Japanese gymnast (born 1970)

Yutaka Aihara (相原 豊, Aihara Yutaka) is a Japanese former gymnast who competed in the 1992 Summer Olympics, winning a bronze medal in the team event. At the 1991 World Championships, he won a bronze medal on the vault.

== Early life ==
Aihara was born on 18 December 1970 in Takasaki, Gunma. His father, Nobuyuki Aihara, won two gold medals at the 1960 Summer Olympics, and his mother, Toshiko Shirasu-Aihara, won a bronze medal at the 1964 Summer Olympics. He has an older brother named Makoto who also competed in gymnastics.

== Gymnastics career ==
Aihara placed fifth in the all-around at the 1990 American Cup, and he won a silver medal in the team competition at the 1990 Asian Games. He won three medals at the 1991 Summer Universiade– silver with the team, silver on the floor exercise, and bronze on the parallel bars. He was part of the Japanese team that placed fourth at the 1991 World Championships. There, he advanced into the vault final and won a bronze medal with a score of 9.631, behind Yoo Ok-ryul and Vitaly Scherbo.

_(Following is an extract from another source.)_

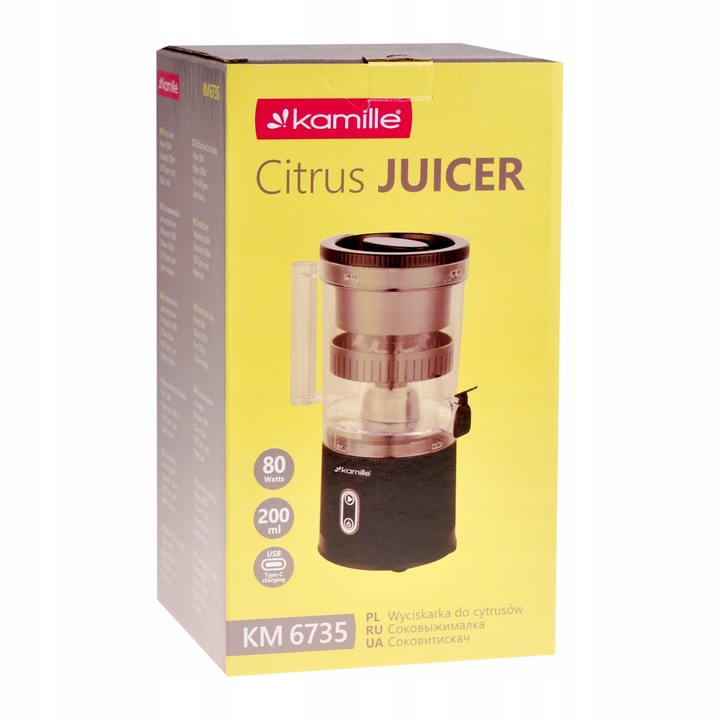 ELEKTRYCZNA WYCISKARKA DO CYTRUSÓW SOKÓW OWOCÓW BEZPRZEWODOWA USB KAMILLE
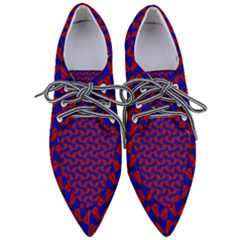 Background Texture Design Geometric Red Blue Pointed Oxford Shoes by Sudhe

Aihara was selected to represent Japan at the 1992 Summer Olympics, where he helped Japan win the team bronze medal, behind the Unified Team and China. Individually, he advanced into the floor exercise final and placed fifth with a score of 9.737. He also advanced into the vault final, placing eighth.

In January 1993, Aihara severely injured his right shoulder in a motorcycle accident, leading to his retirement from the sport. As of 2022, he is the head coach of the Aihara Gymnastics Club, which was founded by his father.